- Provided data:
⟨
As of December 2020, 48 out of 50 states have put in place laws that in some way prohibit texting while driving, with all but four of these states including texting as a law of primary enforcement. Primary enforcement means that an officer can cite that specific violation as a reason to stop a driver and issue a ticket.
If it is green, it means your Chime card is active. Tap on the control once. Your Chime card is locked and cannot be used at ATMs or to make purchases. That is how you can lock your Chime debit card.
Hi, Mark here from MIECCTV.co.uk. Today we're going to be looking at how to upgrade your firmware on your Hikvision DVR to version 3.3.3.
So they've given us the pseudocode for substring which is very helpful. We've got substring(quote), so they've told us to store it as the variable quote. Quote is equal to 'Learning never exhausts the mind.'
⟩
⟨
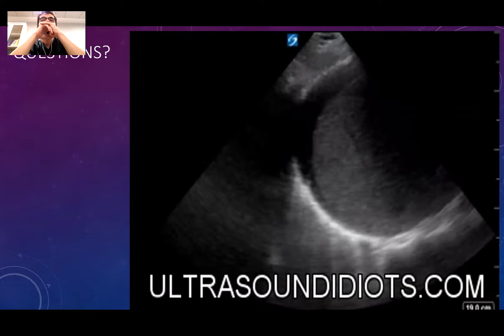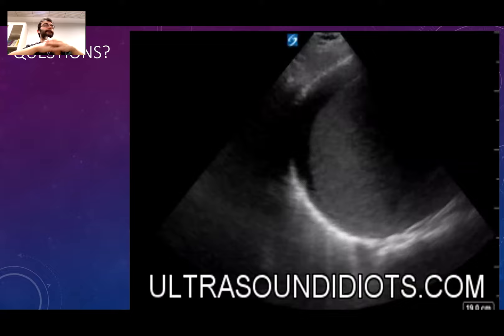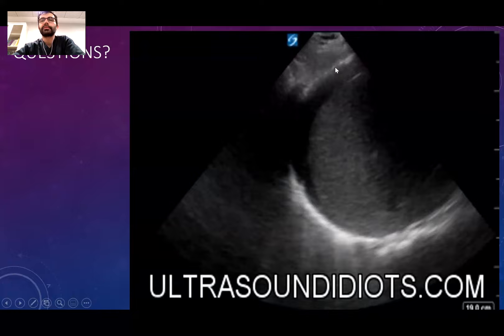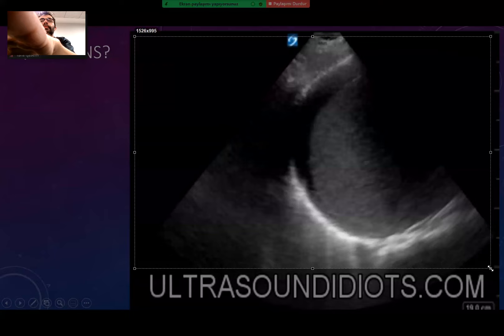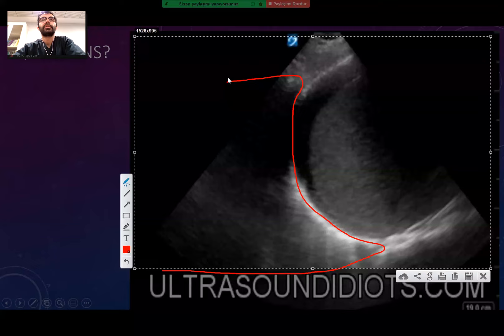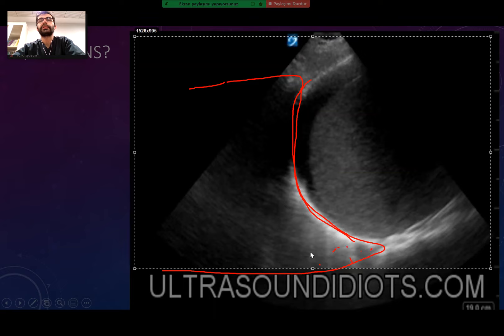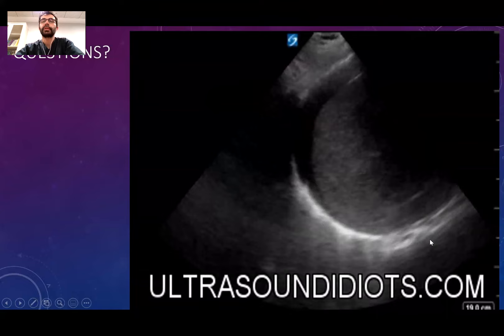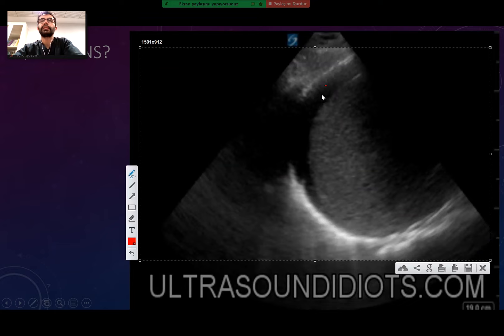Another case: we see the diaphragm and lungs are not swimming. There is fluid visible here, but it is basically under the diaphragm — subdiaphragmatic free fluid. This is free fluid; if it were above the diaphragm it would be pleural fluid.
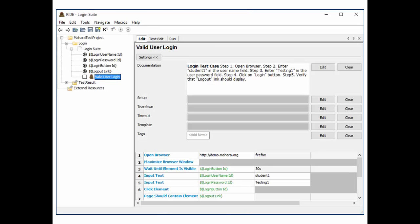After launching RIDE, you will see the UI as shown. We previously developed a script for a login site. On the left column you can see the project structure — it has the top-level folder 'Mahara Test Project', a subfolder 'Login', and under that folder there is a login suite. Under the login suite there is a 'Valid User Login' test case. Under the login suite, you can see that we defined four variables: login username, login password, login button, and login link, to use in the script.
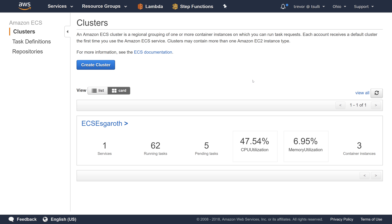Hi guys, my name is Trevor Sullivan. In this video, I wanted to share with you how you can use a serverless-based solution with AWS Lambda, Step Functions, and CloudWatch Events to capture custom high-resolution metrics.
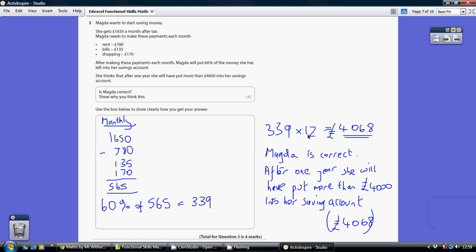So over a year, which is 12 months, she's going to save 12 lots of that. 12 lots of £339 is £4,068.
⟩
- What you need to do:
Look above for the line holding "As of December". Print it and every line after it, exactly, through the line holding "So they've given".

- Task solution:
As of December 2020, 48 out of 50 states have put in place laws that in some way prohibit texting while driving, with all but four of these states including texting as a law of primary enforcement. Primary enforcement means that an officer can cite that specific violation as a reason to stop a driver and issue a ticket.
If it is green, it means your Chime card is active. Tap on the control once. Your Chime card is locked and cannot be used at ATMs or to make purchases. That is how you can lock your Chime debit card.
Hi, Mark here from MIECCTV.co.uk. Today we're going to be looking at how to upgrade your firmware on your Hikvision DVR to version 3.3.3.
So they've given us the pseudocode for substring which is very helpful. We've got substring(quote), so they've told us to store it as the variable quote. Quote is equal to 'Learning never exhausts the mind.'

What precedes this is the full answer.